December 18, 2012 Attn: Draft HVHF Regulations Comments New York State Department of Environmental Conservation 625 Broadway Albany, NY 12233-6510 Re: The Proposed Regulations do not follow ECL 23 Summary The proposed regulations do not follow the intent of ECL 23, thereby jeopardizing the environment and the rights of landowners and the general public, for the purpose of promoting the oil and gas industry. The Proposed Regulations Misstate ECL 23 The proposed regulations alter the wording of the underlying statute, ECL 23, by dropping the task of regulating the industry and substituting foster, encourage and promote fracking. In this, the DEC misconstrues its role and misinterprets its responsibilities. Indeed, it alters its mission to fit the goals of the oil and gas industry to the clear detriment of the environment, landowners and the general public. Here is the wording of the ECL statute on the DECs website:

Oil, Gas and Solution Mining Law Declaration of Policy ECL Article 231 It is hereby declared to be in the public interest: to regulate the development, production and

http://www.dec.ny.gov/energy/26498.html

utilization of natural resources of oil and gas in this state in such a manner as will prevent waste; to authorize and to provide for the operation and development of oil and gas properties in such a manner that a greater ultimate recovery of oil and gas may be had, and that the correlative rights of all owners and the rights of all persons including landowners and the general public may be fully protected, and to provide in similar fashion for the underground storage of gas, the solution mining of salt and geothermal, stratigraphic and brine disposal wells.

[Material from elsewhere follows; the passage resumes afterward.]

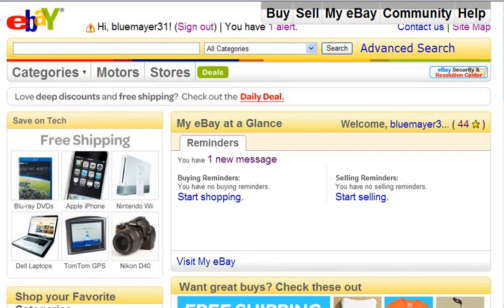In the next few videos, I'm going to take you step-by-step through the listing process on eBay, as you can watch me list one of my products on eBay.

Here is how the DEC describes the objectives of ECL 23.2

Mineral Resources:

The legislative objectives of ECL Article 23, found in Section 23-0301, recognize that it is in the public interest to regulate the development, production and utilization of natural resources of oil and gas in this state in such a manner as will prevent waste; to authorize and to provide for the operation and development of oil and gas properties in such a manner that a greater ultimate recovery of oil and gas may be had, and that the correlative rights of all owners and the rights of all persons including landowners and the general public may be fully protected, and to provide in similar fashion for the underground storage of gas, the solution mining of salt and geothermal, stratigraphic and brine disposal wells. This Section provides a general discussion of the existing oil and gas program and describes the legislative objectives of the draft regulations.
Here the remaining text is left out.